Dá dá dá dá dá dá dá dá dá dá
Dá (да), "sim" em russo. No pensamento
popozudiano, a sociedade joga às costas das mulheres um fardo de
inferioridade, de maneira que elas são obrigadas a dizer “sim” (да) o
tempo todo. A sociedade machista é a sociedade em que a mulher não pode
dizer não. Paralelamente, “dá” é também a pronúncia de "pai" em algumas
regiões do Reino Unido. Talvez a pensadora pretendesse ligar a submissão
(mulher que só pode dizer "sim") com a figura do patriarcado (o pai, o
Papa, o cacique político).
Meu nome é Valesca
Valeska, diminutivo de Valeria em várias
línguas eslavas. É bem provável que ela esteja se referindo a Santa
Valeria de Milão, torturada no ano de 287 d.C por ter se recusado a
fazer sacrifícios em nome de deuses pagãos. Valesca, a nossa Valerinha
de Irajá, também recusa o que lhe é imposto. Neste caso, o patriarcado é
o seu imperador Diocleciano; o machismo, os seus deuses romanos.
E o apelido é "quero dá”
Ou: quero sim. Embora se chame Valesca, para a
sociedade ela ainda é a mulher submissa que só pode responder “sim” -
daí o apelido.
Ai, ai que vontade louca/Difícil de controlar
Peço que ignore esses versos caso não tenha lido
O Vermelho e o Negro, de Stendhal. Pouparei o leitor de spoilers.
Tô tô tô tô tô tô tô tô
Perceba como a repetição da sílaba cria uma
linha melódica como se fosse o eco de uma martelada, de um som metálico.

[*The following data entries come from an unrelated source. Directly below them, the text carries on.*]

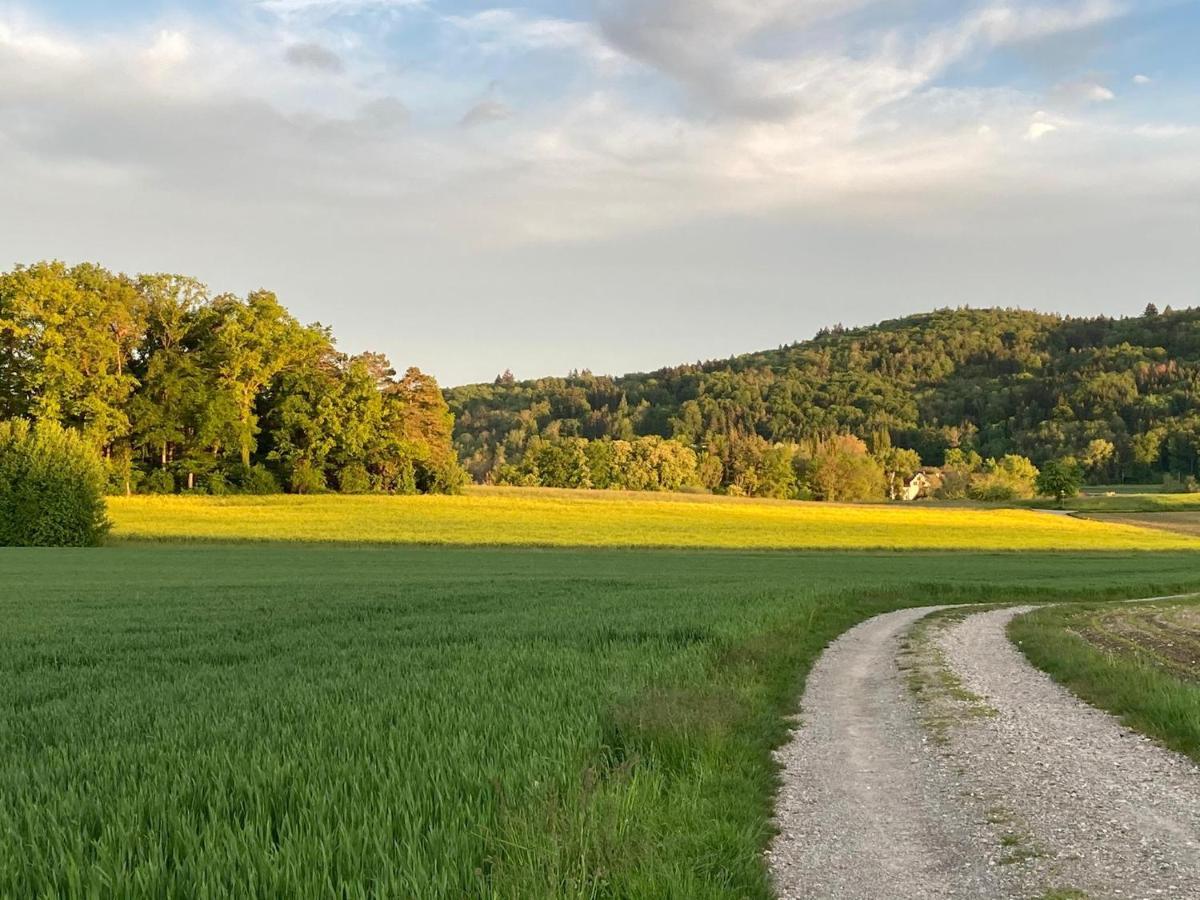 Buesingen Am Hochrhein Radfahren, Wandern, Natur Geniessen Exterior photo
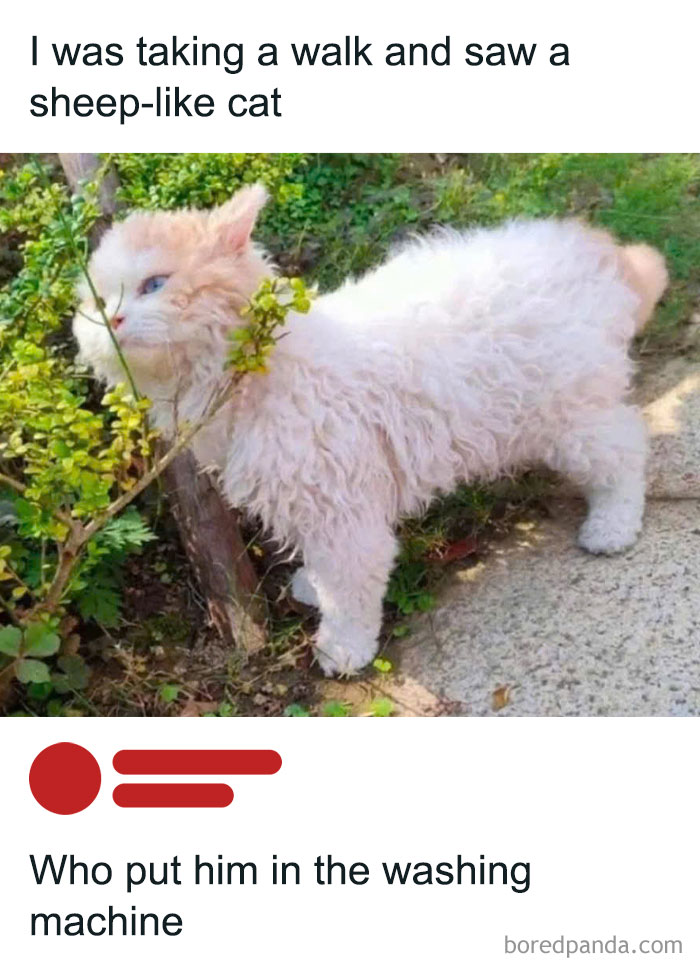 80 Wholesome Pics Full Of ‘Very Important Positivity’ That Everyone Needs To See (New Pics) 80 Wholesome Pics Full Of ‘Very Important Positivity’ That Everyone Needs To See (New Pics)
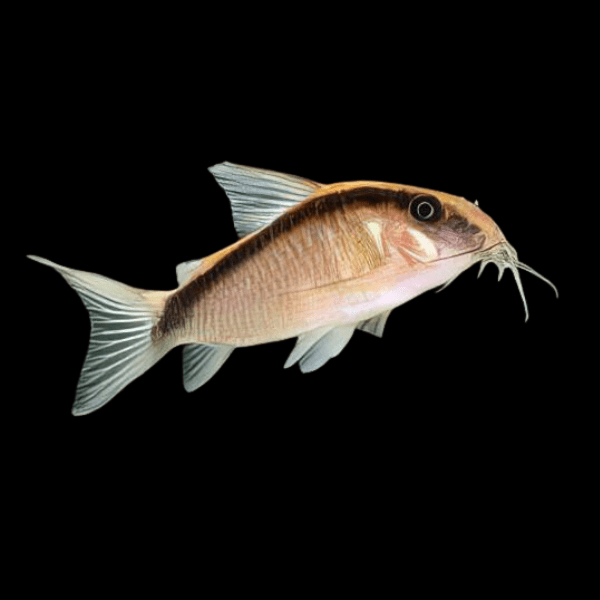 Skunk Corydoras Arcuatus 3cm Catfish - Real Aquatics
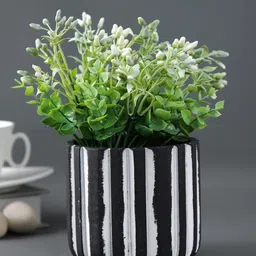 TAYHAA Black & White Linear Design Ceramic Planter-picture-13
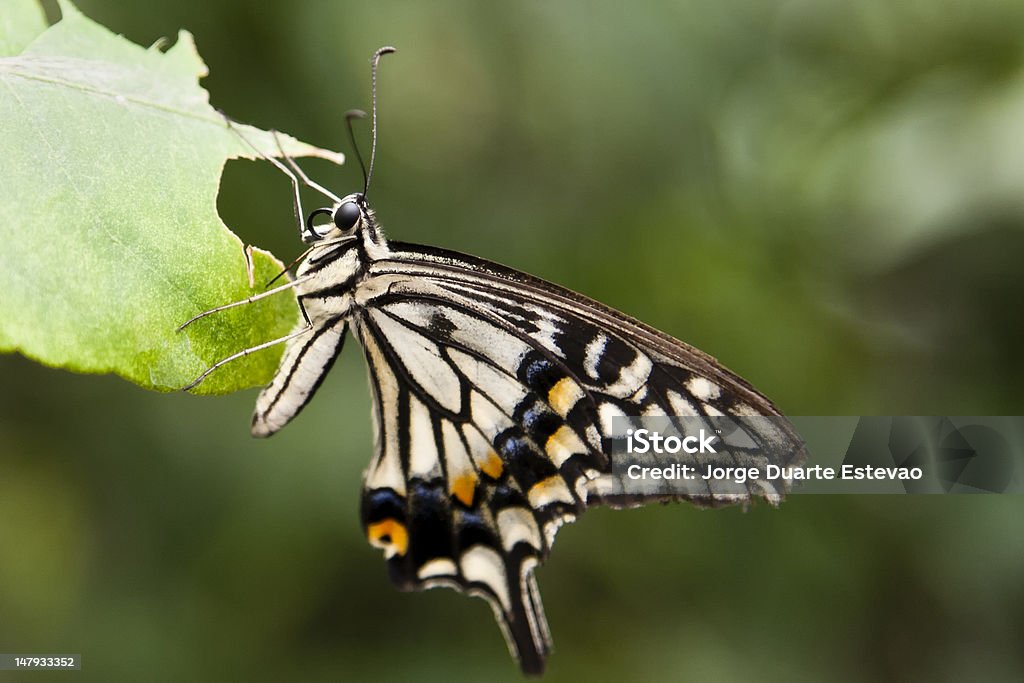 Lime butterfly - Zbiór zdjęć royalty-free (Bez ludzi)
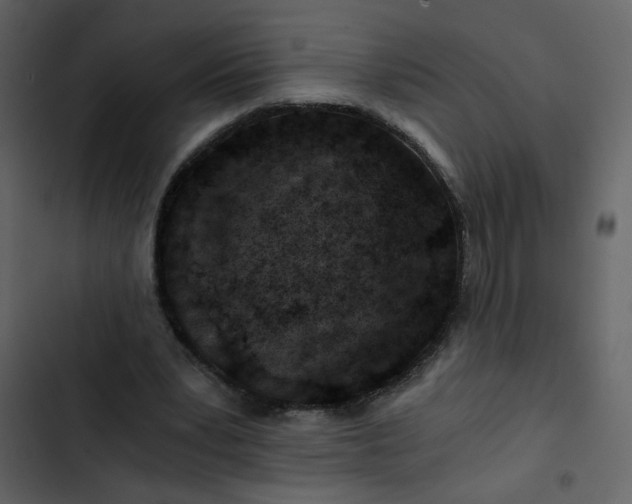 X0000102820391200809021255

Nota-se a sugestão de fábrica, de processo industrial. Difícil não
pensar em Pierre Schaeffer, Stockhausen e outros compositores
experimentais, pais da música eletrônica que conhecemos hoje.
Tô doidinha pra te dar
Aqui tem algo que me faz pensar. Que
incidente teria levado Popozuda a ficar doidinha de uma hora para a
outra? Esse incidente teria alguma relação com o homem casado? Ele tem
filhos? Com quem ela está desabafando tudo isso? E por que quando a
observamos de lado parece que ela vai tombar?
Quero te dar beijinhos
Talvez uma forma indireta de dizer “eu te amo” (ver Senhor dos Anéis).
Vem cá, vem cá, vem cá
É quase certo que Popozuda tenta incorporar
aqui algo que remete às lendas folclóricas, talvez ao canto da sereia. O
trecho final fica em suspenso. Nesse ponto talvez seja melhor o ouvinte
se deixar levar pelo canto de Valesca.